Task requirements:
Copy exactly the lines from the one containing "桃运侦探赵大宝苏媚免费完整版" through the last line of the records below, both included, and leave out the pictures.
* * *
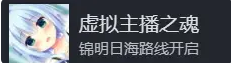 常轨托离
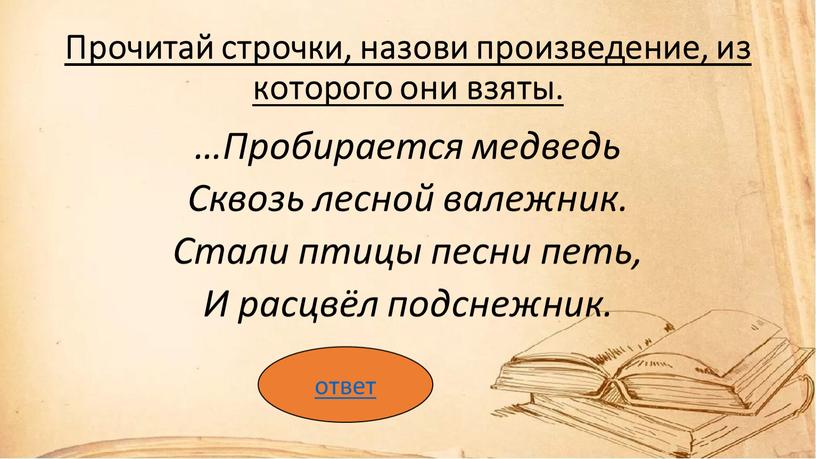 Прочитай строчки, назови произведение, из которого они взяты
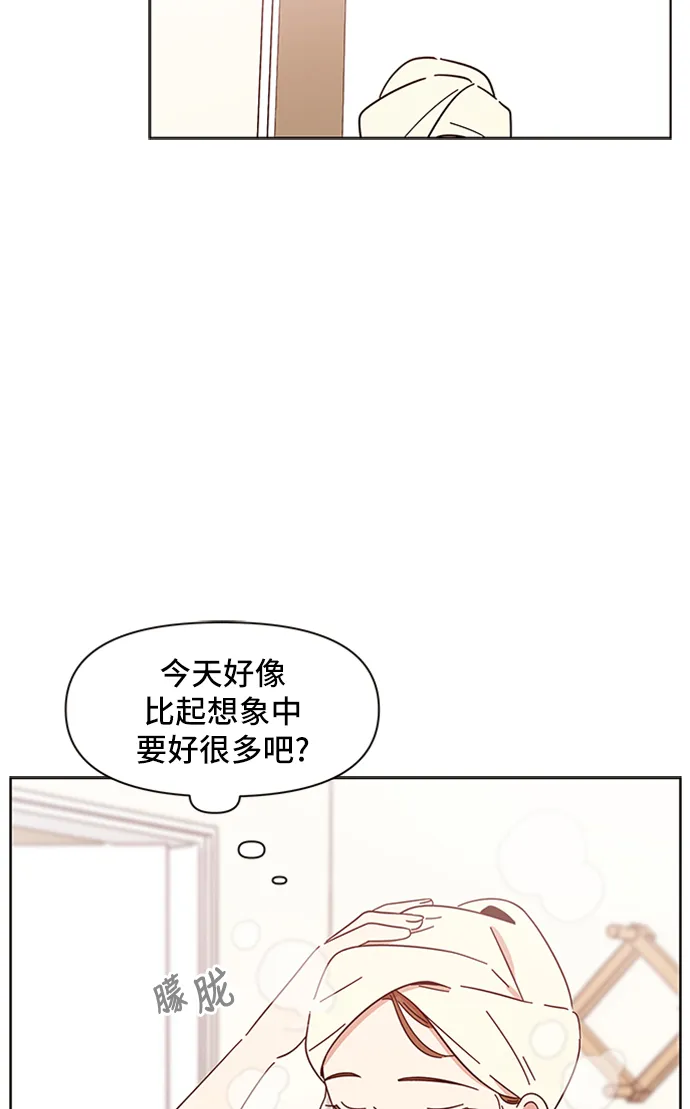 [第10话] 春华（10） 第4页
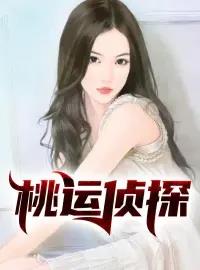 桃运侦探赵大宝苏媚免费完整版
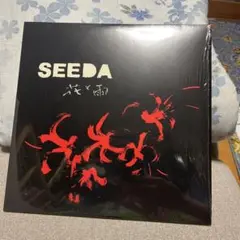 2025年最新】花と雨 seeda レコードの人気アイテム - メルカリ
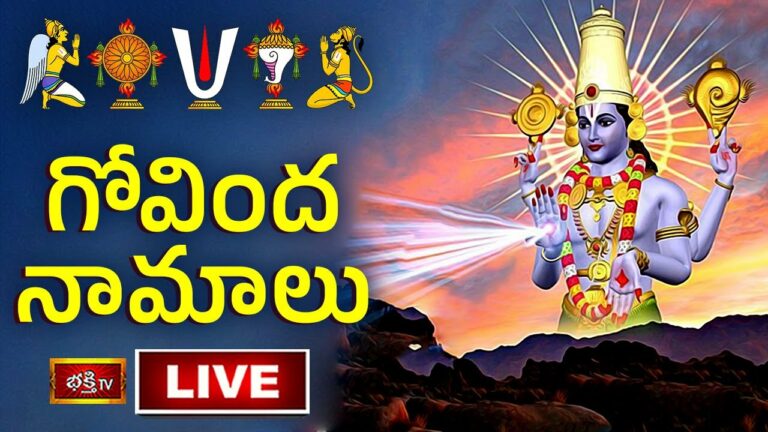 Govinda Namalu Bhakthi Tv Live: గోవింద నామాలు పఠిస్తే సర్వ శుభాలు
* * *
Output for this task:
 桃运侦探赵大宝苏媚免费完整版
 2025年最新】花と雨 seeda レコードの人気アイテム - メルカリ
 Govinda Namalu Bhakthi Tv Live: గోవింద నామాలు పఠిస్తే సర్వ శుభాలు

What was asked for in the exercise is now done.